Case Study - Turn any video into searchable, speaker-labelled knowledge
An AI transcription and video-understanding pipeline: deep transcripts synchronized to an embedded player, with exports and automatic channel processing.
- Project
- spectralTranscript
- Year
- Service
- AI pipeline, full-stack product
Overview
Video is where knowledge goes to become unsearchable. spectralTranscript turns any YouTube video into structured, speaker-labelled text you can read, search, and export — with the transcript synchronized to an embedded player so you can jump straight from a sentence to the moment it was said.

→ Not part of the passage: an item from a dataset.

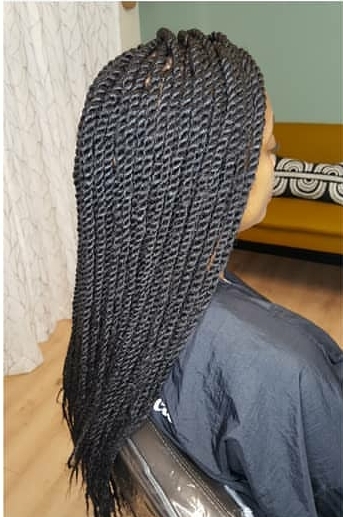 MARLEY twist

Under the hood it's a transcription pipeline: ingest via the YouTube Data API, deep transcription with speaker labelling, storage on Cloudflare R2, and an automatic processing queue so a channel's new uploads become searchable without anyone pressing a button.
What we did
- TanStack Start (SSR)
- Hono + oRPC API
- PostgreSQL + Drizzle
- AI transcription & speaker labelling
- Cloudflare R2 storage (Alchemy)
- Docker / Nixpacks deployment
The product is simple to describe — video in, knowledge out — which is exactly why the pipeline behind it has to be boring, observable and automatic.
Engineering notes
spectralTranscript is also our reference implementation for TanStack Start in production: server-rendered routes, typed server functions, and a queue-driven backend that scales the expensive work (transcription) independently from the reading experience.